Memorandum of Conversation, by the Secretary of State
The British Ambassador17 called at my request in order that I might, in the strongest possible terms, make representations to him and his Government regarding the recent announcement from London that the British would, to all practical intents and purposes, cease further purchases of tobacco in this country, and at the same time would undertake to make purchases from such countries as Turkey and Greece.
I brought up the general situation as it exists between our two Governments at this time and expressed my genuine concern at the increasing tension and feeling of resentment steadily rising in this country due to a multiplicity of what are considered here as excesses by the British Government in prescribing and carrying out war restrictions on trade and finance. I said there is a feeling that the British Government is ceasing to show any consideration to my Government and [Page 90] the people of this country as it makes more drastic a number of its war policies and methods, such as interference with mails,18 forcing United States ships into the combat area, American loss due to British blockade of German exports, the navicert system, discrimination in favor of Italian ships against American ships at Gibraltar, et cetera, et cetera. I did not go into detail of what are considered by this Government and the American people as unnecessary, unreasonable and injurious restrictions to trade and other interests. I made it clear that this Government has in mind very fully every phase of the British situation as a belligerent engaged in a terrific war for its existence and the consequent need for many war regulations and restrictions of a temporary and abnormal nature. I then stated that there is a steadily increasing feeling in this country that American commercial and other interests are being severely injured by discriminations and unnecessary restrictions, the effect of which will extend into peacetime, perhaps permanently, to the detriment of American interests; there is a further growing feeling that in the pursuit of these policies the British Government will soon reach a stage where the advantages of these discriminations and restrictions will be decidedly less than the bad reactionary effects in this country. I elaborated on these lines and made it just as emphatic as I possibly could. I frequently appealed to the Ambassador from the standpoint of his own Government, if for no other reason, very urgently to request his Government to modify its reported attitude in making this recent tobacco announcement. I pointed out each time that his Government would know well how to put before the public a statement that would give reassurance to our tobacco growers who have built up this industry mainly on the strength of British purchases, especially during recent years. I made it clear that we could not defend this recent British action for a moment.
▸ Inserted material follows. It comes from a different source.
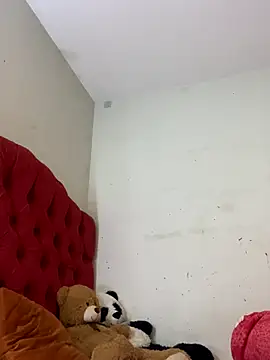 LISA BULLOCK  online show from November 5, 2025, 12:10 am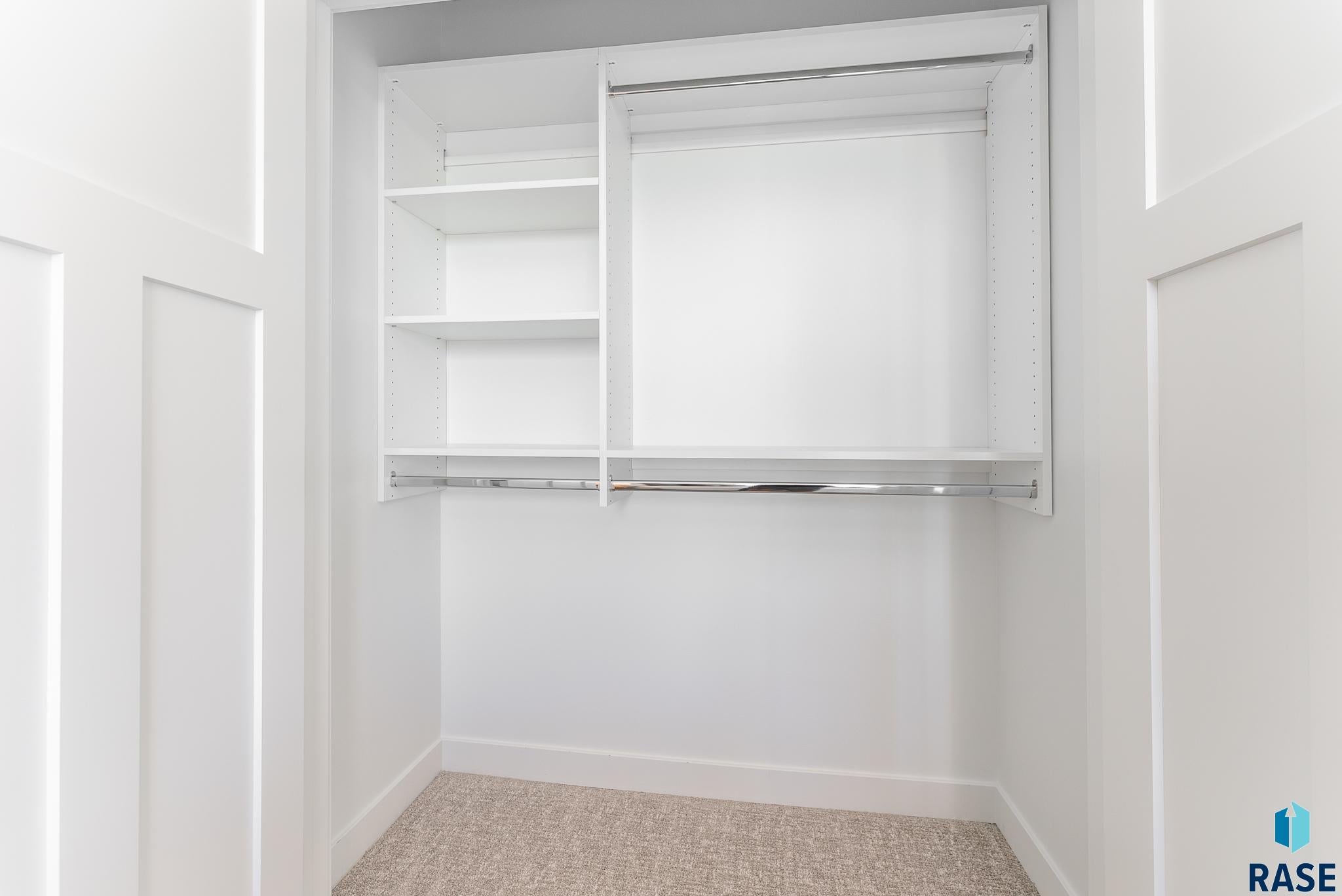 Sioux Falls, South Dakota, 57110, United States, 4 Bedrooms Bedrooms, ,3 BathroomsBathrooms,Residential,For Sale,2005284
The Ambassador, of course, sought to defend the British side by pointing out the life and death struggle and the necessity for doing the things they were doing. I said that was not the question, but whether the British Government is not doing itself much more harm than good,—a fact in which I strongly believe. The Ambassador appeared to realize the strength of this view and said he would take it up at once with his Government and discuss it fully in the hope that something could be worked out along the lines of my representations.